The Kick Starter has been going since Friday 13th (brave folks!) and only runs for 13 days. It features a bunch of cool rewards such as an original soundtrack (composed by Ian Alex-Mac), an 80s styled movie poster (illustrated by Michael Lee-Graham), hand-painted samurai dioramas (sculptured and hand painted by Jason Bakutis of microfear.com), as well as an opportunity to star in the comic itself.
Mike describes his comic: "The Samurai Slasher is a fun and loving look at the slasher genre, which follows the eponymous katana wielding menace, as he slashes his way through feudal Japan, a lakeside retreat, and a gallery exhibition, before finally being confronted by the army."
I’ve had a chance to read a preview of the anthology, which shows off the different styles the artists have used to tell the Samurai slasher story, and these variants are pleasingly different, and a great showcase of the respective artist’s skills. At this stage, work is still being done on the comic, so it isn’t fully complete, but it is interesting to see how the story and background of the Samurai slasher is developing. The first story, based around the lakeside retreat and a group of frat boys and their squeezes going for a spring break, is printed on vintage comic stock and recalls the pop-art style so favoured by Lichtenstein, but with elements of Scooby-Doo humour.

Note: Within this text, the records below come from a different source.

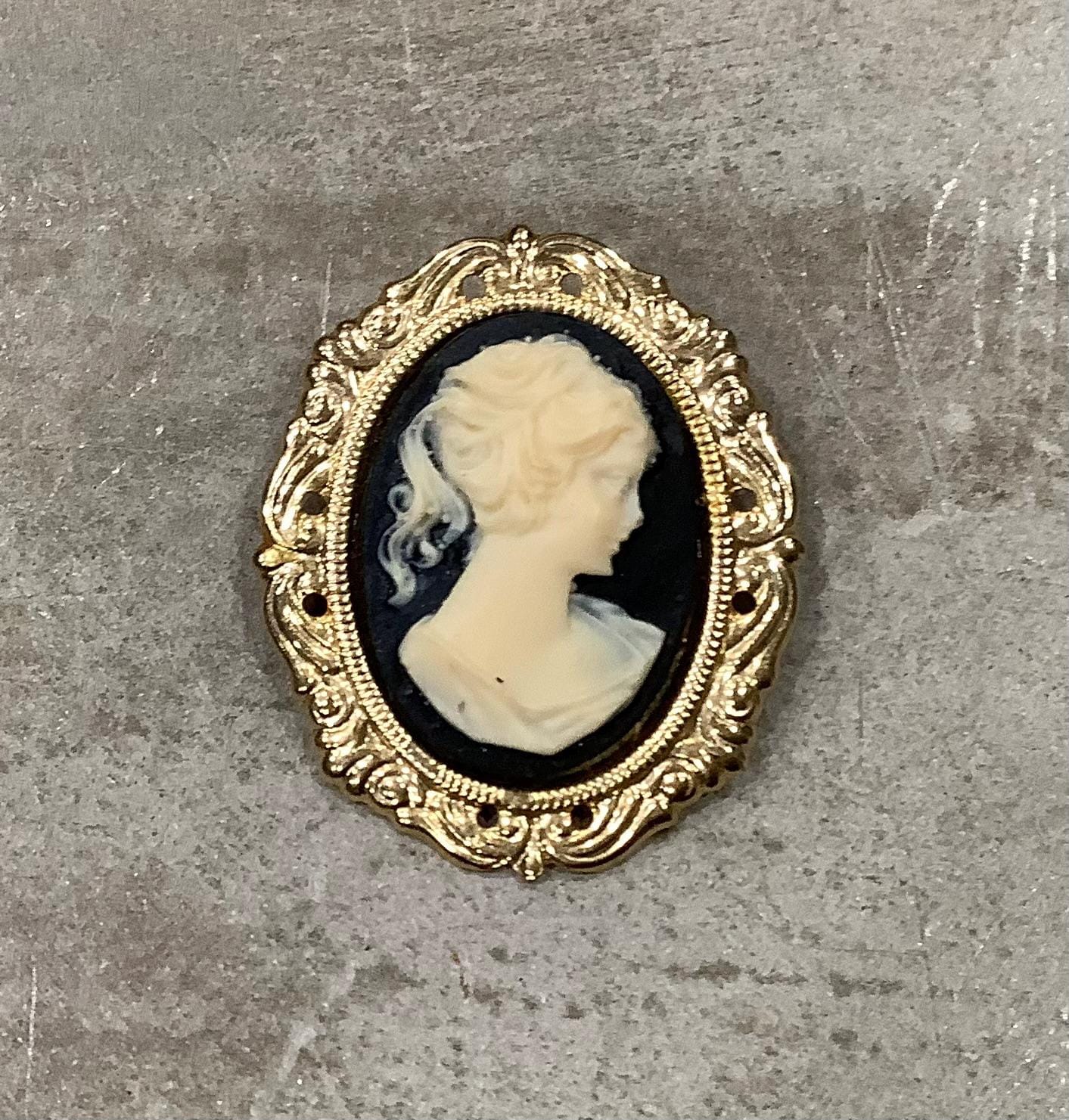 Antique Victorian Lady Black Shell Cameo Brooch Pin - Etsy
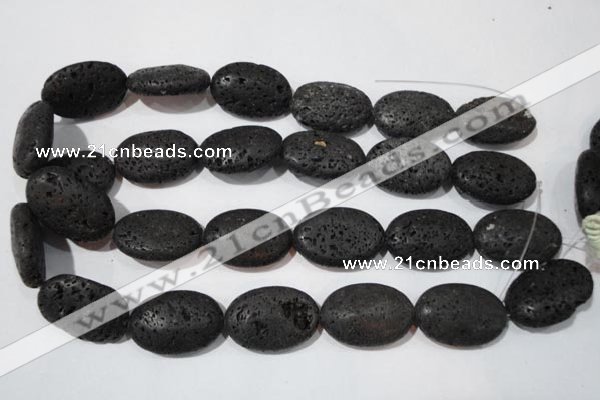 CLV508 15.5 inches 20*30mm oval black lava beads wholesale
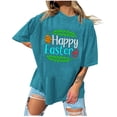 thumbnail image 1 of Blusa informal de manga corta con cuello redondo y estampado de Pascua para mujer Pompotops hfajkhk128207, 1 of 4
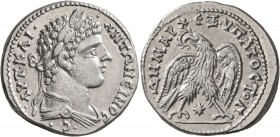 SYRIA, Seleucis and Pieria. Laodicea ad Mare. Caracalla, 198-217. Tetradrachm (Silver, 27 mm, 12.53 g, 11 h), 207-209. •AYT•KAI• •ANTΩNЄINOC •CЄ• Laur...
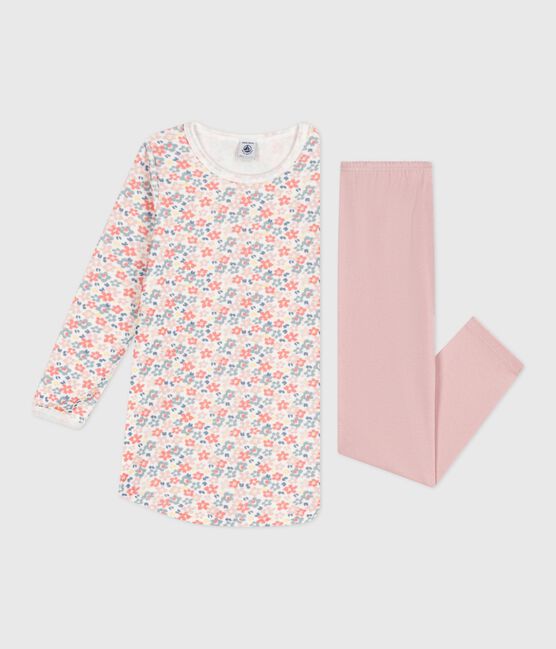 Camisón y leggings infantiles de terciopelo con estampado de flores rosa JOLI/blanco MULTICO
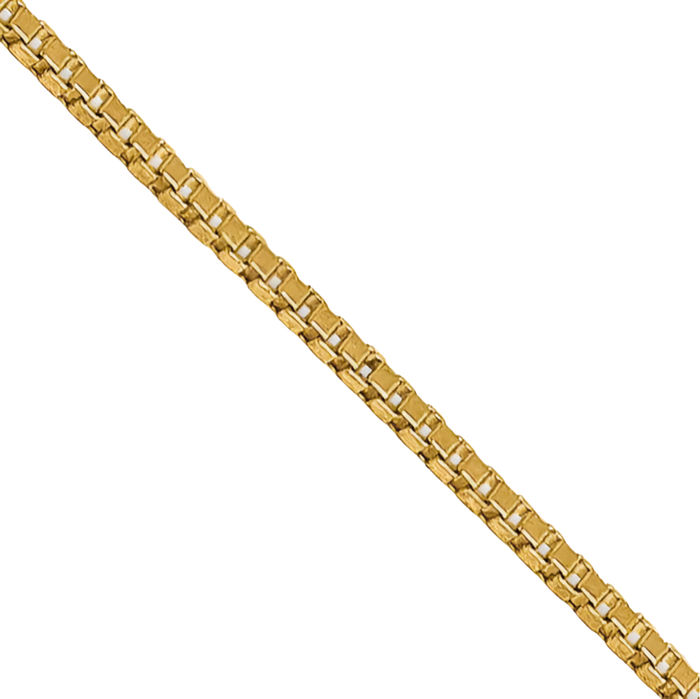 14K Solid Yellow Gold 0.5mm Box Link Chain Necklace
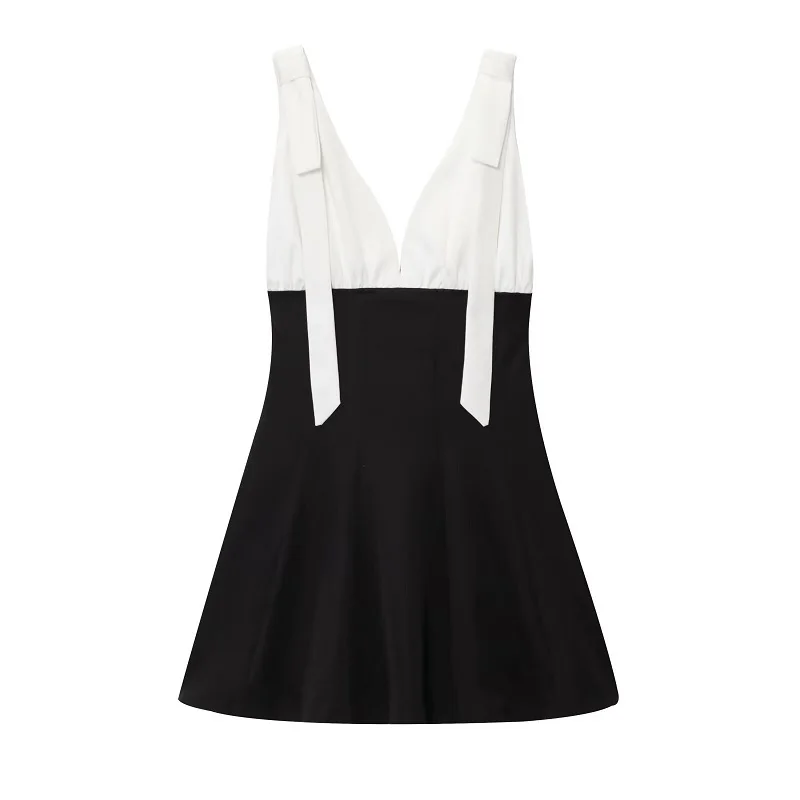 Casual Bow Backless Patchwork Short Slip Mini Dresses - Image 2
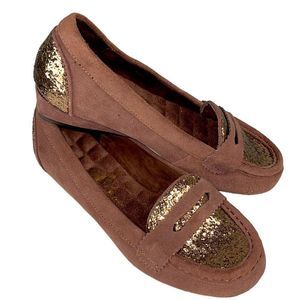 Joan Boyce Brown Leather Loafers Suede Glitter Heel and Toe New w/o Box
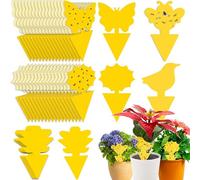 Trampas para Insectos,50 Piezas Trampa Moscas de Interior Atrapamoscas Adhesivos,Trampas para Moscas Pegajosos Amarillos de Moscas Trampas Cromaticas Amarillas para Plantas en Macetas de Jardín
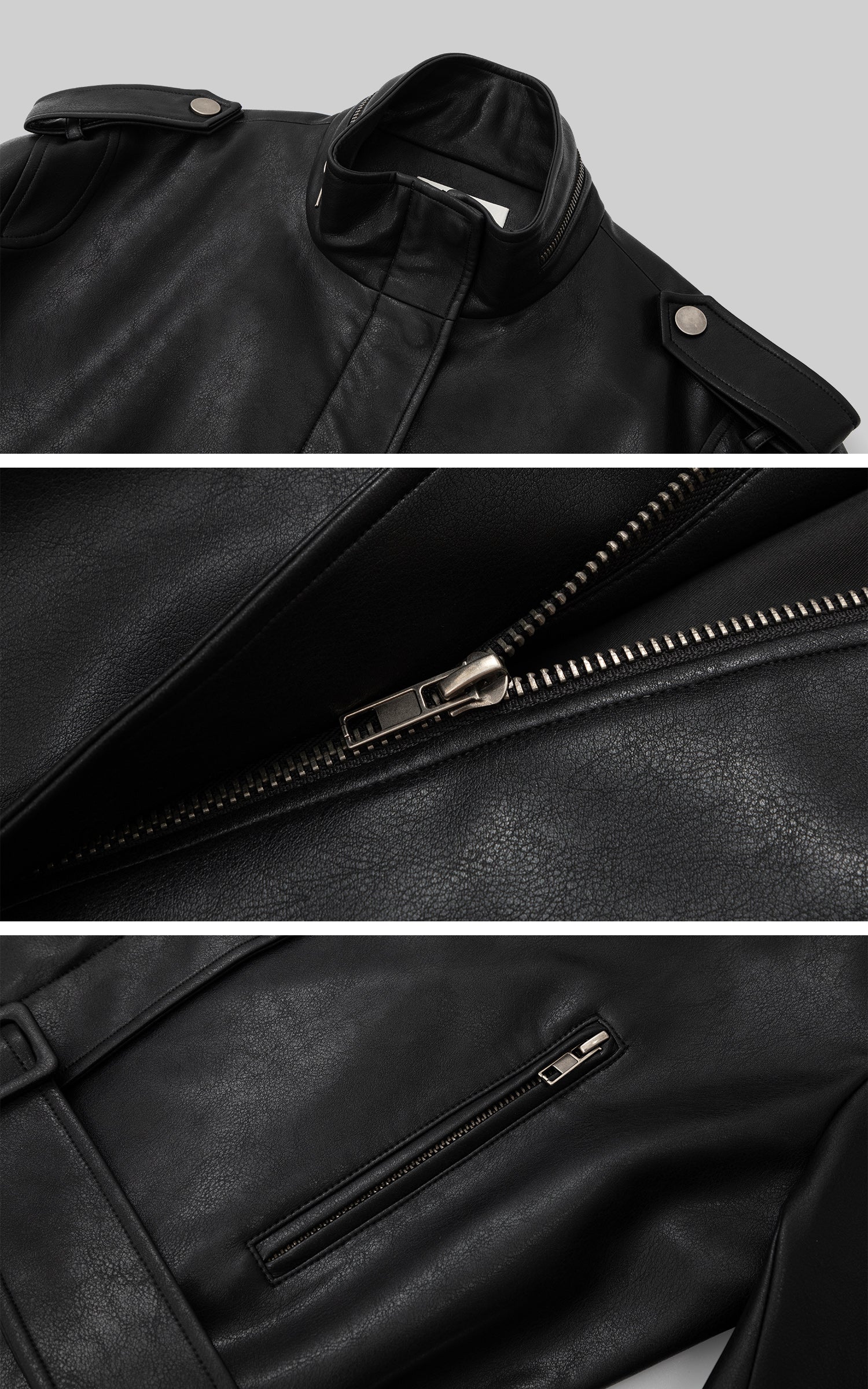 IAMXIAA Belted High-Neck Faux Leather Jacket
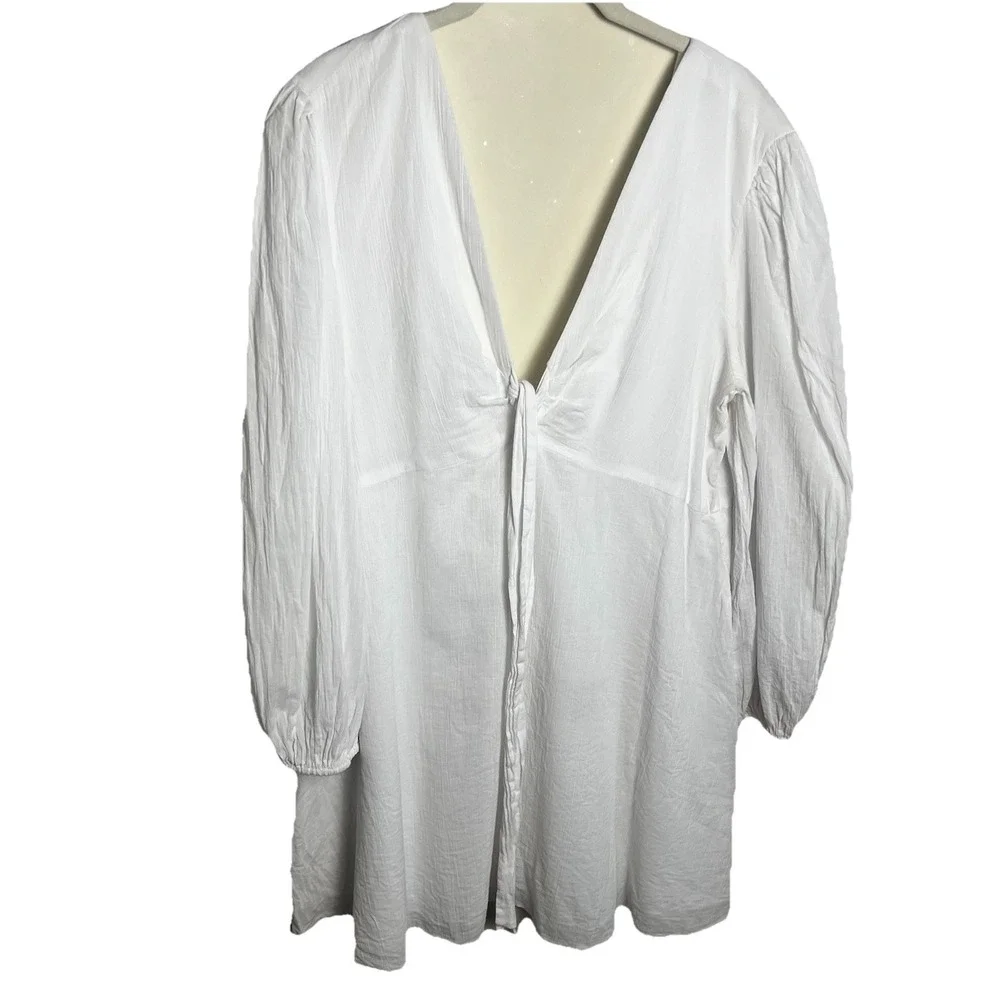 Gianni Bini Babydoll Dress Womens 12 White Tie Front Mini Zip Back Size 12‎ Bach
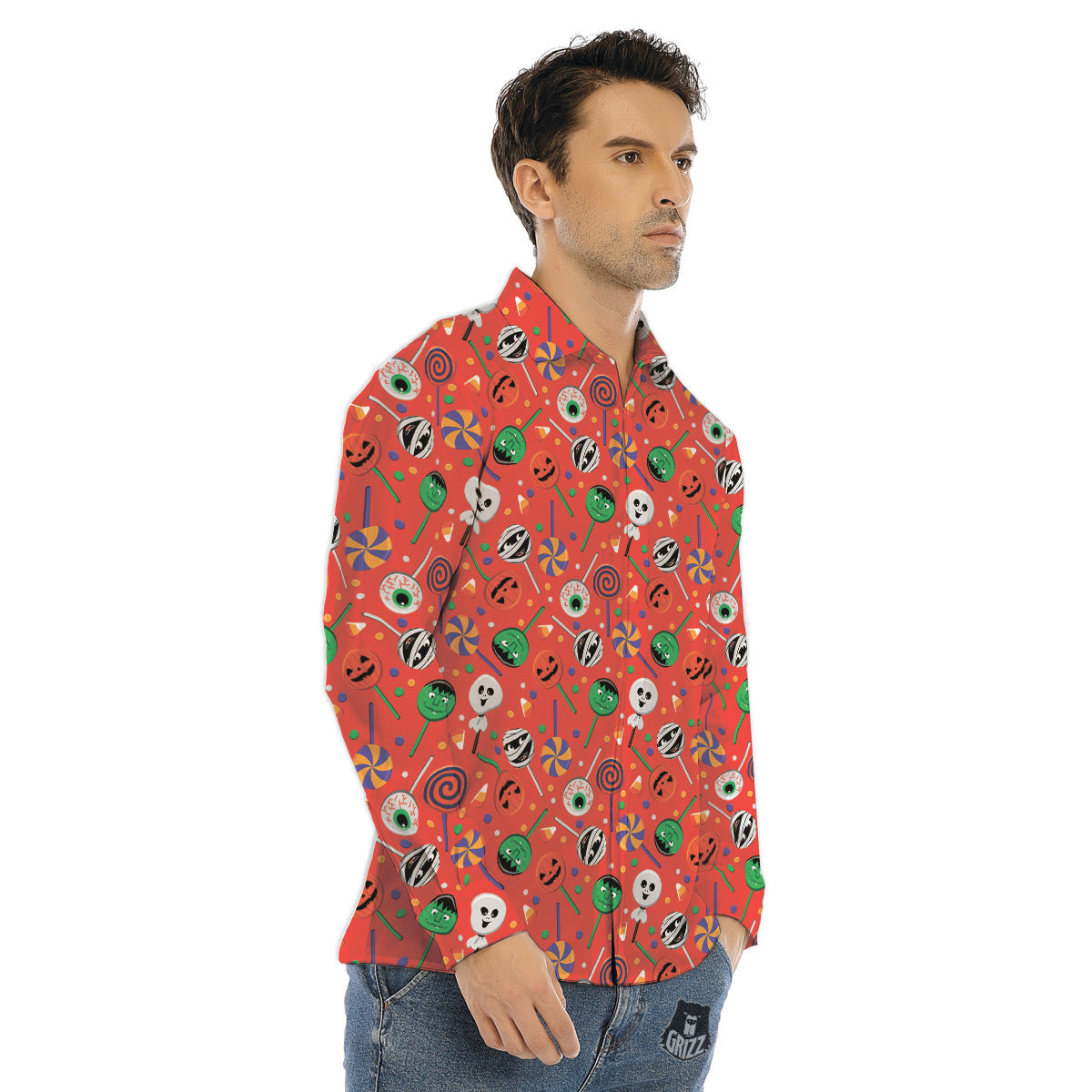 Candy Cute Halloween Print Pattern Men's Dress Shirts-grizzshop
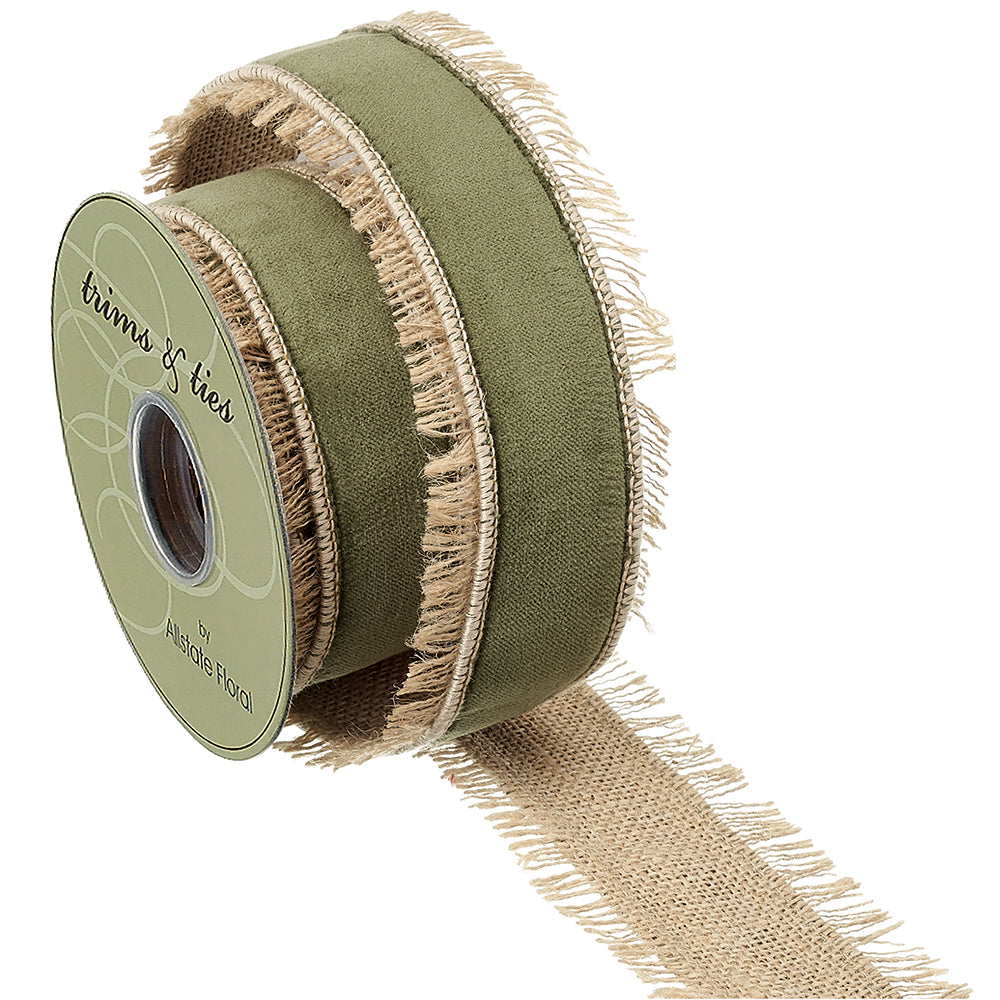 Green Jute Velvet 5 Yd Ribbon Bolt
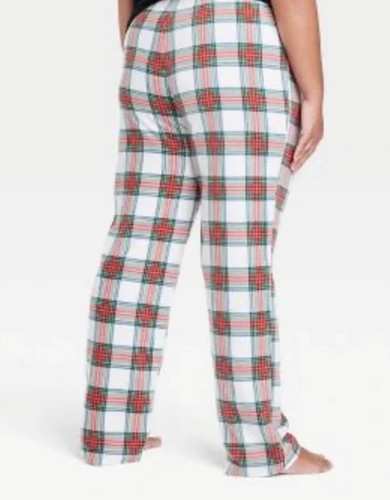 Womens Fleece Pajama Pants White Plaid Christmas 2XL NEW - Picture 8 of 8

The violence on show is a stark contrast to the light-hearted approach of the story telling and makes for an uneasy, but satisfying pairing. It’s a unique look by Andy W. Clift, but works well with the subject matter.
The second narrative is an origins story, but framed within another unusual context. Told as a flashback to feudal Japan, you discover how the Samurai Slasher came to be, his motivations and his raison d’être. The artwork is more contemporary; Gavin Mitchell's hues placing an emphasise on the reds and blacks favoured in Japanese culture. The telling of the story has its own twist, but also leaves the reader wondering more about the backstory and life of the Samurai Slasher.
The third story follows on from the Lakeside retreat, and deals with the aftermath of the violence therein. It places the slasher in a further unfamiliar environment, but one with brooding tension and you know, having read the previous stories, things will eventually go awry. The art by Kristina Gee has a more Manga feel to it, with more stylised renderings of the characters, and some interesting POV angles.
The final story, which has the greatest departure from the norm in terms of comic art style, places the Slasher face to face with the military. The art is almost impressionistic, and may be an acquired taste for some readers, but the humour is heart-warming, despite the subject matter, and the narrative makes the reader wonder how potent the Slasher must be to be in such a situation.
With the Kickstarter also comes an official soundtrack. This complements the theme of the main protagonist and his reputation as a character of an 80’s slasher film. I’ve listened to a few tracks and they made me smile. Written with 80’s films in mind, they have an authentic sound to them, filled with synth, basal tones and quick beats in the 80’s style. Two tracks, 'Deimos' and 'Titania' remind me of tracks by Perturbator and Scattle of Hotline Miami soundtrack fame. Plenty of drama and tension with a retro feel to them. The other, 'Galatea', has similar imposing menace, but with definite influences by DJ Shadow, showing off a more epic, orchestral theme. It’s great to have a soundtrack to your comic, to listen to as you read, and the minimum pledge on the Kickstarter includes the soundtrack, which, if the other tracks are as good, is worth it just for the music. The kickstarter finishes on the 26th, so do take a look if you’re interested and support Mike and his team.